How is $X$ Gaussian after applying $A$ on $S$?

• Since you mention a paper you found on Google, please link to the paper. – Ben Jun 14 '18 at 4:44
• Sorry I search in Private mode and now I am not able to track it. Actually it is related to Independent Component analysis in unsupervised learning. – ironman Jun 14 '18 at 4:52
• No problem - hopefully my answer helps anyway. – Ben Jun 14 '18 at 5:05
• Suggest to change the title to something a little more precise like "linear transformation of normal gaussian vectors". – JayCe Jun 14 '18 at 13:07

## 2 Answers

Since you have not linked to the paper, I don't know the context of this quote. However, it is a well-known property of the normal distribution that linear transformations of normal random vectors are normal random vectors.
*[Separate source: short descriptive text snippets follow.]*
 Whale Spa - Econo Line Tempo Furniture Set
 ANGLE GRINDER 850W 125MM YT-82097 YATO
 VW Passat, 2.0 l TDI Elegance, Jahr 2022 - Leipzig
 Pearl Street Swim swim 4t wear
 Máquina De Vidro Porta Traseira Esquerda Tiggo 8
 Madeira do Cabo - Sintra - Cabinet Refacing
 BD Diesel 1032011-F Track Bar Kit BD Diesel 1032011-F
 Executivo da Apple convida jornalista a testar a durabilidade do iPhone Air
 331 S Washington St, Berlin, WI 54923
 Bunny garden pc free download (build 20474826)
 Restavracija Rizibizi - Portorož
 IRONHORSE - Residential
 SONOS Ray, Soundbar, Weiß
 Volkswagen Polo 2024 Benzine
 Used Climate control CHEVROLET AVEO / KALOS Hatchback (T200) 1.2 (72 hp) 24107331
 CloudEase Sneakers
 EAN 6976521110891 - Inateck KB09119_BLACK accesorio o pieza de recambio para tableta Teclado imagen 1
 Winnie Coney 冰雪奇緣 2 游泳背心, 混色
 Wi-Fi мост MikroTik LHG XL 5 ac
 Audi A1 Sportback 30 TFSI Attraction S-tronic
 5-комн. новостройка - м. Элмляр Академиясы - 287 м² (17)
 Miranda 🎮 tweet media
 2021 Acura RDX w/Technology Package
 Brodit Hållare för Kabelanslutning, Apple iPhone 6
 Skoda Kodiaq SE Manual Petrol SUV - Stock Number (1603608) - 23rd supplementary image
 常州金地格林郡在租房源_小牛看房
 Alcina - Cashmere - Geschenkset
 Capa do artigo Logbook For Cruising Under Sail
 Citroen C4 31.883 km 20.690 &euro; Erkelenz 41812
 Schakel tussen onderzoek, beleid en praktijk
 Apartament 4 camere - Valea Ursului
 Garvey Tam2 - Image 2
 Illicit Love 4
If $\boldsymbol{S} \sim \text{N}(\boldsymbol{\mu}, \boldsymbol{\Sigma})$ then it can be shown that $\boldsymbol{A} \boldsymbol{S} \sim \text{N}(\boldsymbol{A} \boldsymbol{\mu}, \boldsymbol{A} \boldsymbol{\Sigma} \boldsymbol{A}^\text{T})$. Formal proof of this result can be undertaken quite easily using characteristic functions.

For a little bit of visualisation, consider that the Gaussian distribution is scaled by r^2, so multiple independent axes form a Pythagorean relation when scaled by their standard deviations, from which follows that the re-scaled distribution fuzz ball becomes spherical (in n dimensions) and can be rotated about its centre at your convenience.

One of the radial measures is the Mahalanobis distance and is useful in many practical cases where the central limit is applied...